Since I got my ragdoll she has slept on the end of the bed and since then the other cats followed. Since we moved to the new house a month ago she now sleeps directly beside me purring like a motor the whole night. A few weeks ago she started kneading beside me purring hard before laying down and going to sleep. The last few nights she has kept me up because her kneading now goes on for a long time and now one of the other cats who doesn't pure often started purring loudly too and kneading. Not sure why she is doing this but she also head butts me hard and crawls all over me. It's getting to the point where I barely sleep now.


----------



## sgtpeppersmom (Jul 23, 2012)

I have a similar problem! It sounds like your kitty is very affectionate, and just unfortunately seeks it from you late at night. Whenever Sarge headbutts me, it's because he wants me to pet him and/or scratch his head. He also lays down on me and sometimes kneads my face!! I've had some success by gently holding his paws when he starts to knead, and eventually he calms down and folds his paws under. Maybe it would help to be really affectionate with her before you to bed?


----------



## Nan (Oct 11, 2010)

Aww, that's very sweet! She's just being affectionate. 

Sgtpeppersmom, my cat Sophie used to try to knead my face too. I would hold up my hand and she would knead my hand instead. I really miss that.

Lily gets affectionate after I go to bed too, and wants me to pet her and she wants to lick my face. But it's only a few minutes and then she settles down.


----------



## 3furbabies (Dec 7, 2011)

It's funny because I do try to be affectionate throughout the day with her. She lets me pet her and she sits beside me sometimes but anytime I try to cuddle her she gives me a grunt and walks away. Even when I am in bed sitting up with the light on she sits at the doorway staring at me. Then as soon as I shut off the light and lay down she let's out a long meow and runs to the bed the starts to purr and knead. Lol oh well guess I'll have to live with it


----------



## maggie23 (Mar 10, 2012)

welcome to the sleep deprivation club. :thumb sounds like your ragdoll has gotten your other furbabies hooked on a good thing. they're realizing just how fun it is to keep mom awake at night.

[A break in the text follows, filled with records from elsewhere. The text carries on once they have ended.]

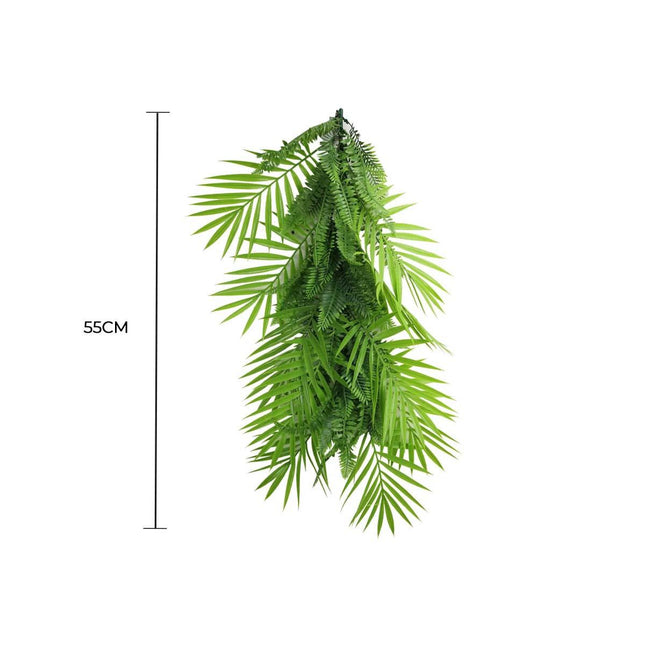 Artificial Extendable Hanging Tropical Palm and Fern Vine 55cm UV Resistant.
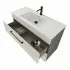 Mobile bagno sospeso 100 cm Smart bianco legno/lava con specchio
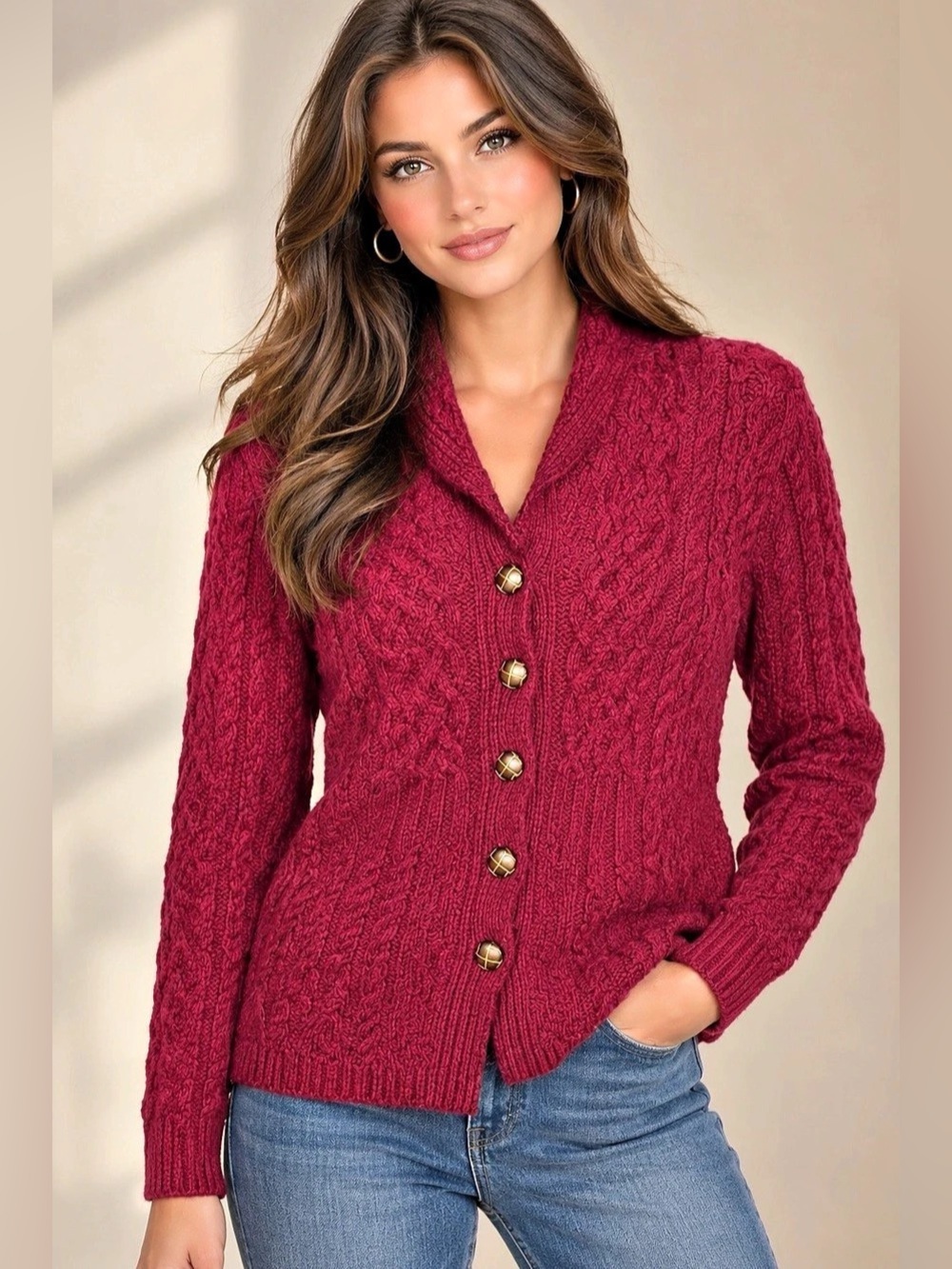 Inis Crafts 100% Merino Wool Cardigan Sweater in Burgundy Size Small Like New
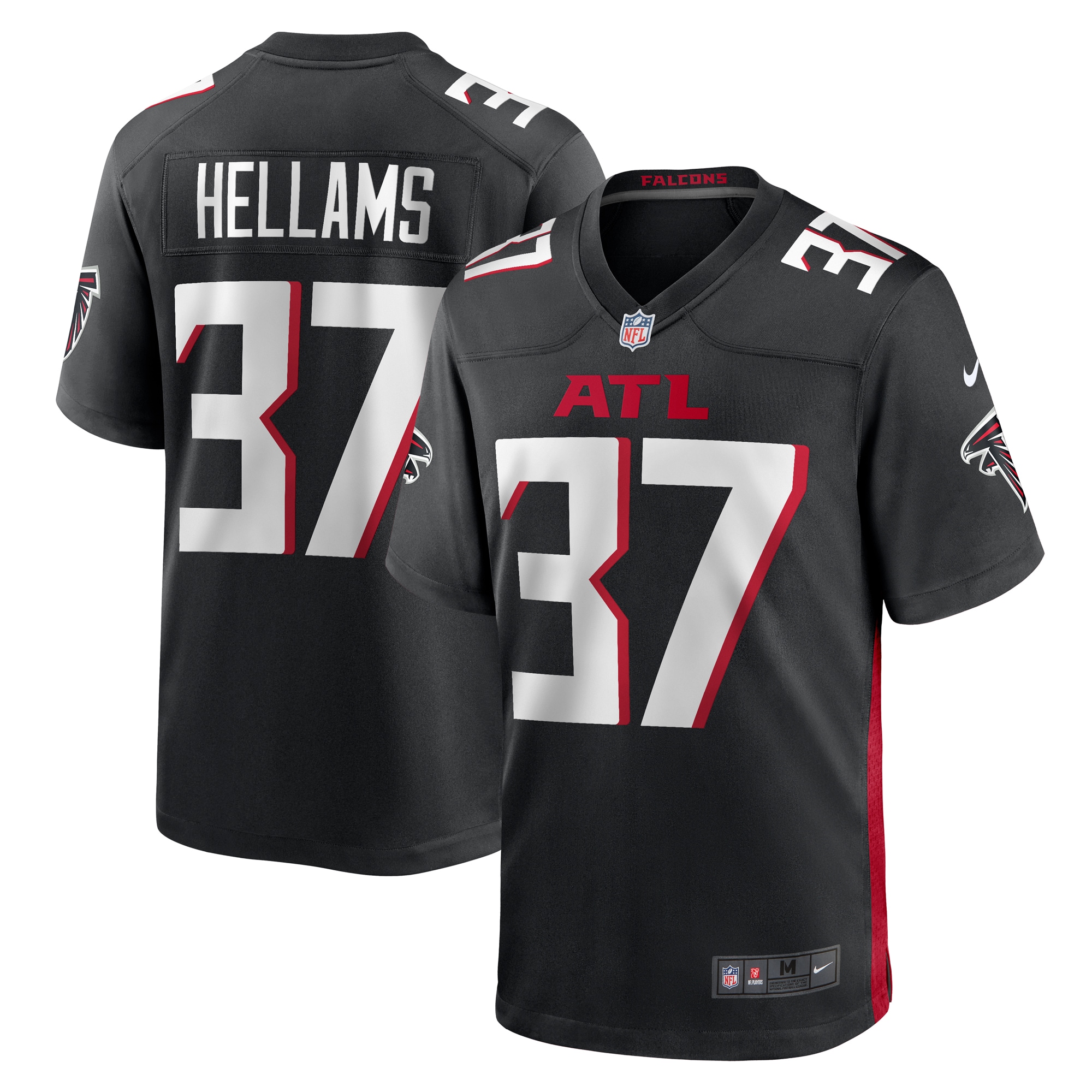 DeMarcco Hellams Atlanta Falcons Team Game Jersey -  Black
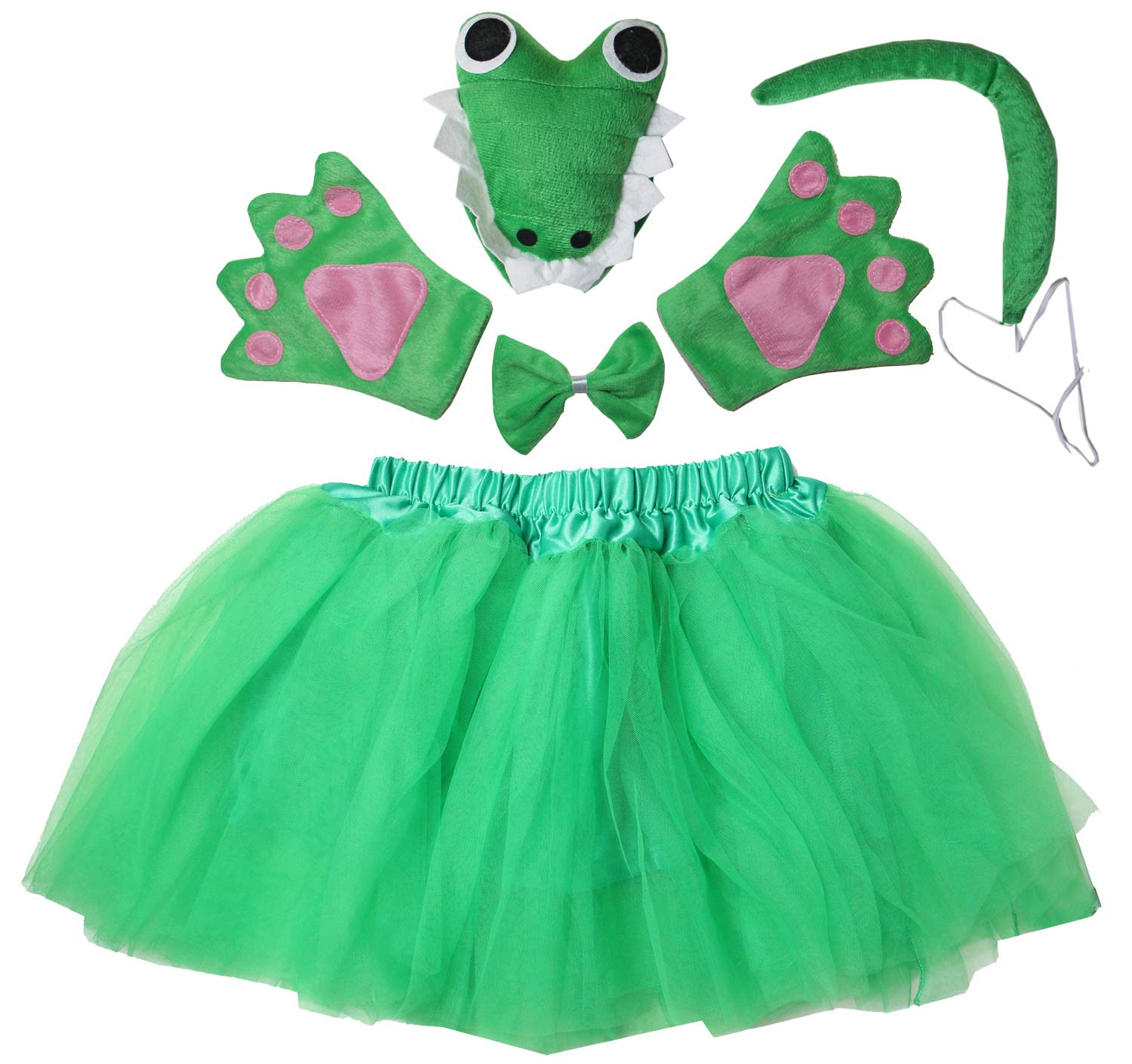 Kirei Sui Green Crocodile Tutu Costume Set for Girls – Headband, Bowtie, Tail, Paws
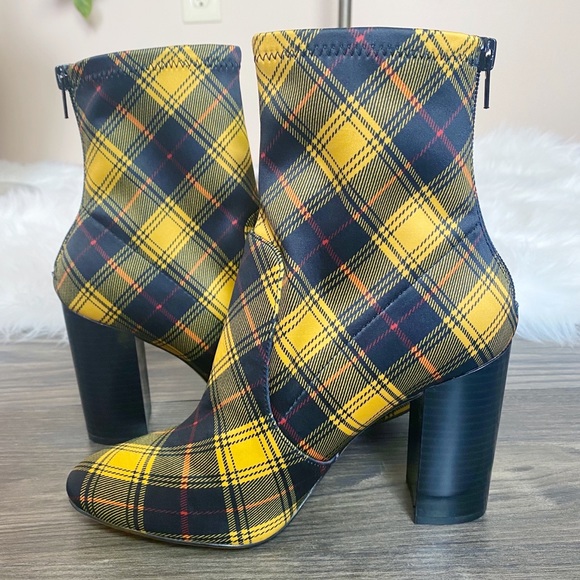 yellow plaid booties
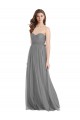 Shirred Strapless Bodice Long Tulle Bridesmaid Dress with Sweetheart Neckline for Sale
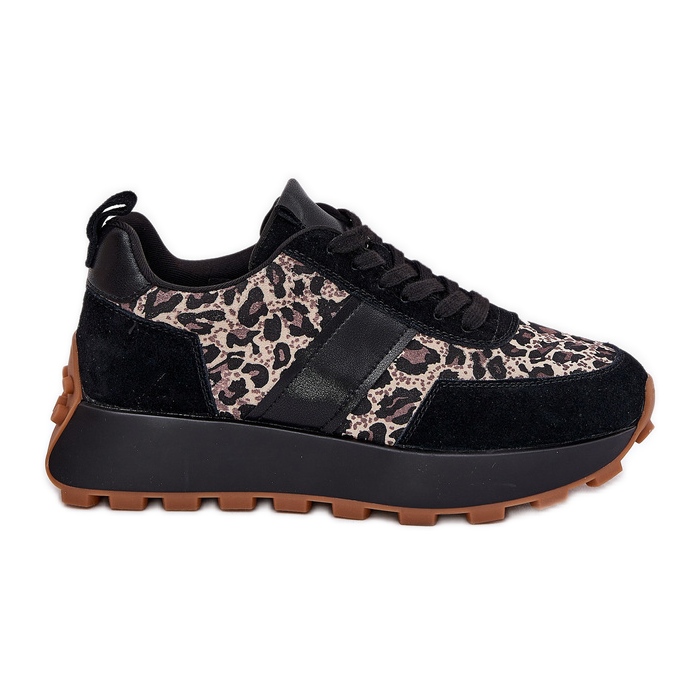 Kvinnors mocka sneakers på plattformen Leopard Vinceza 66793 svart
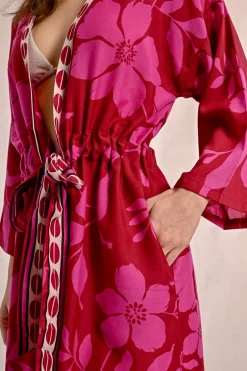 Long kimono ceinturé, imprimé floral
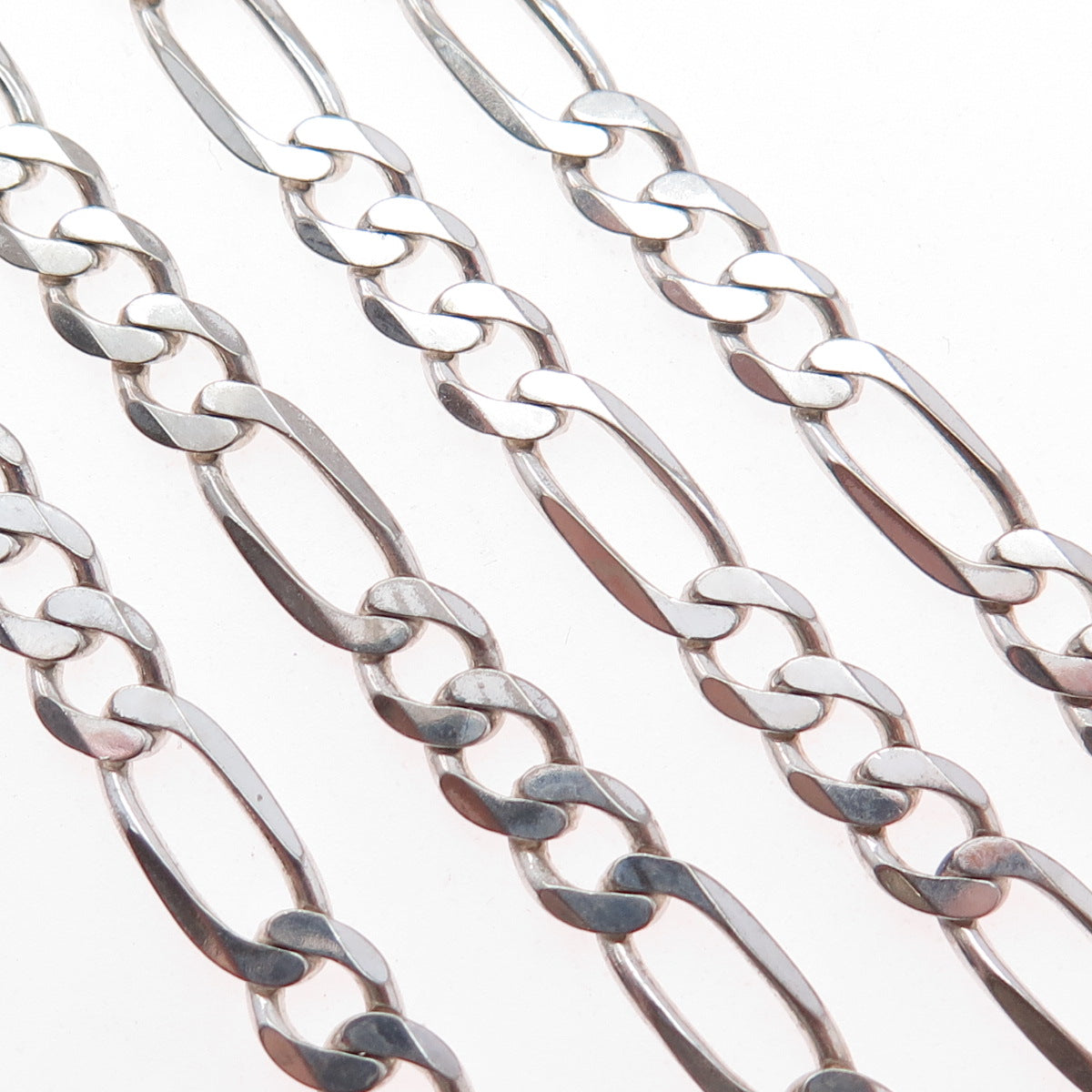 HAN 925 Sterling Silver Vintage Italy Figaro Chain Necklace 24"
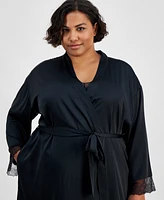 I.n.c. International Concepts Plus Lace-Trim Stretch Satin Robe, Created for Macy's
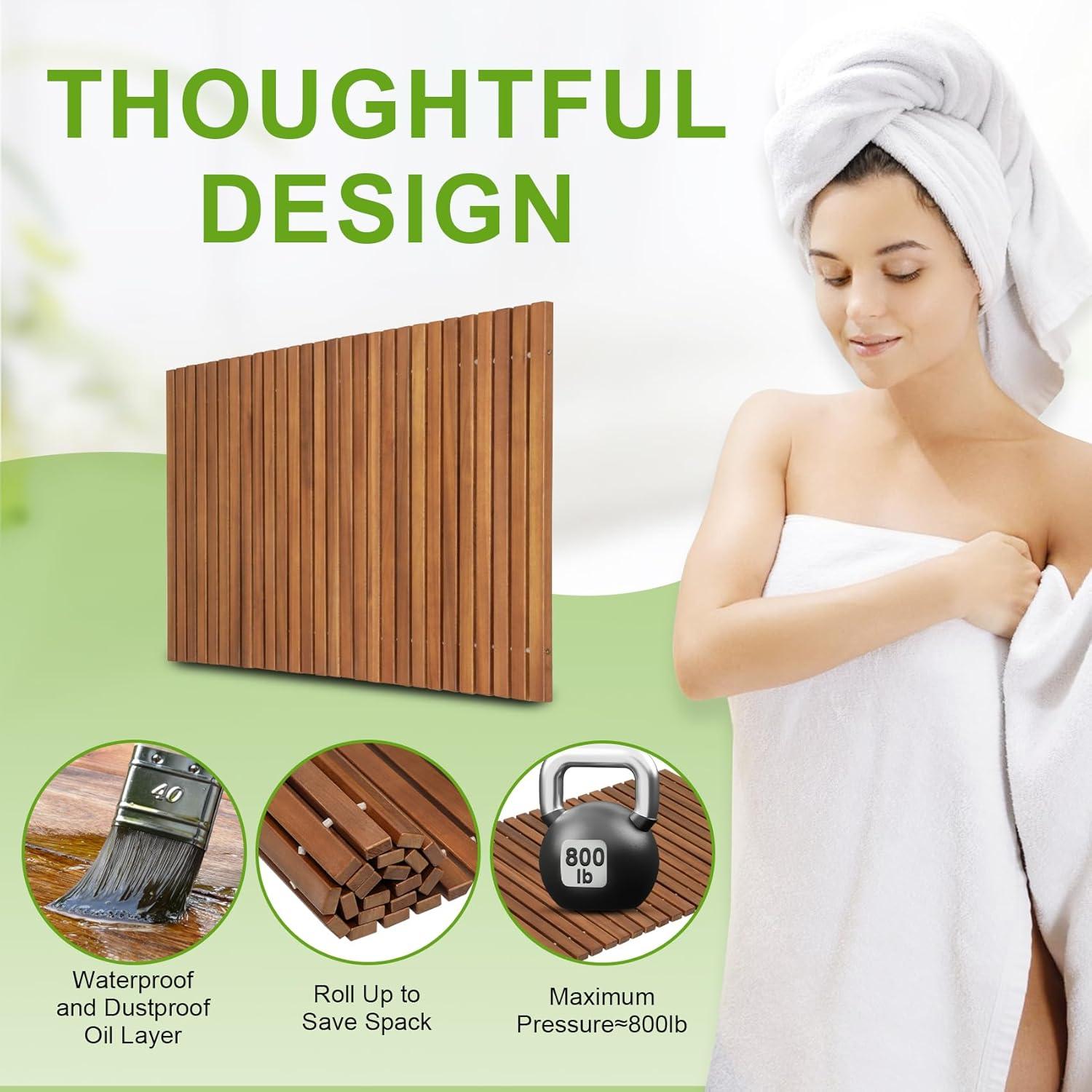 Large Oiled Teak Non-Slip Shower Mat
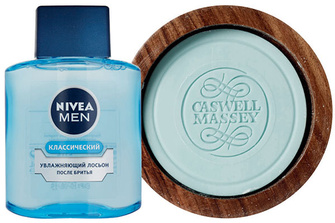 Увлажняющий лосьон после бритья Nivea Men; Мыло для бритья Eucalyptus, Caswell-Massey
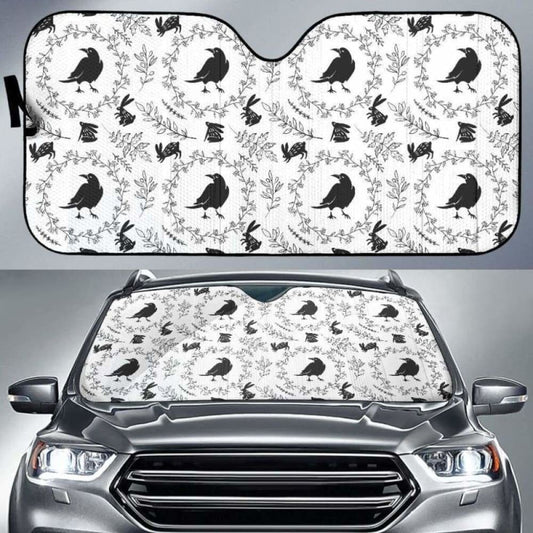 Crows Floral Wreath Rabbit Pattern Car Auto Sun Shades 085424 - YourCarButBetter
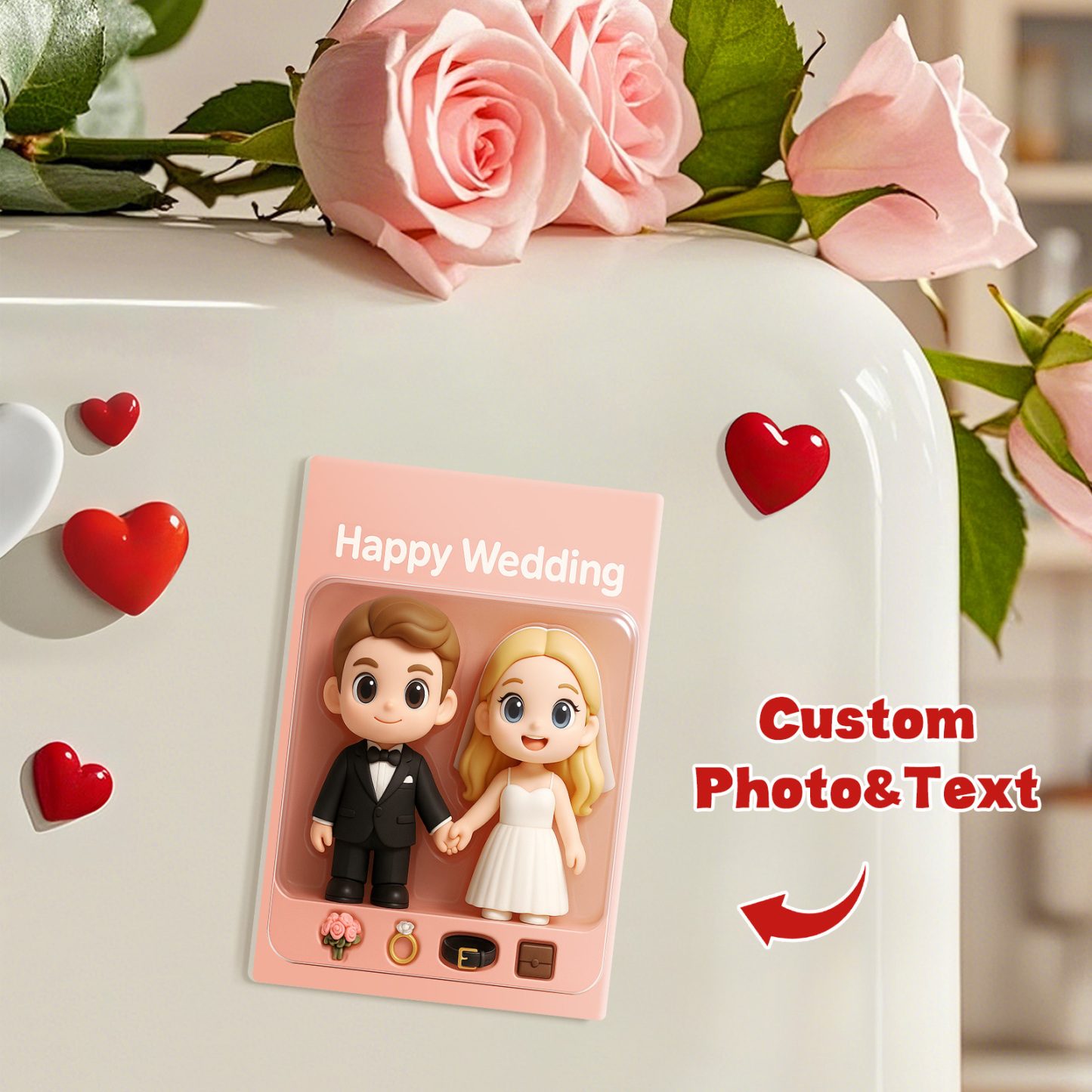 Figurine D'action 3d Personnalisée, Emballage Complet, Style Boîte À Jouets, Cadeau Artistique, Aimants De Réfrigérateur En Acrylique Personnalisés, Cadeaux Pour Couples, Cadeaux De Mariage - MademineFR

it's funny what you said about your ragdoll not really wanting to cuddle all that much when you're up, but as soon as you're in bed, look out! angel had that split personality herself in the beginning. she would snap at us if we pet or brushed her too much during the day and there was NO way we could go anywhere near her belly, but get her in bed when she climbs on top of us at 3 am and BAM! it's like jekyl and hyde. i give her full body massages AND belly rubs AND rub her teeth and gums like nobody's business. ha ha! i think she feels in the dominant position when we're in bed so she's not so defensive then.

but there is hope for you! angel's been with us for 6 months now and she's mellowed out. she's much more comfortable with us and her new house now and sometimes just sleeps alone in the living room all night. most nights i'm still petting her from 3 am to 5 am, and although i miss when she doesn't come to bed, i LOVE the full night's sleep. then i always try to catch up on sleep on the weekends. most days now i barely even feel like i'm going to throw up from lack of sleep! :wink i'm probably developing some health issues due to this horrible sleep pattern i have now, but i just love our angel so much.


----------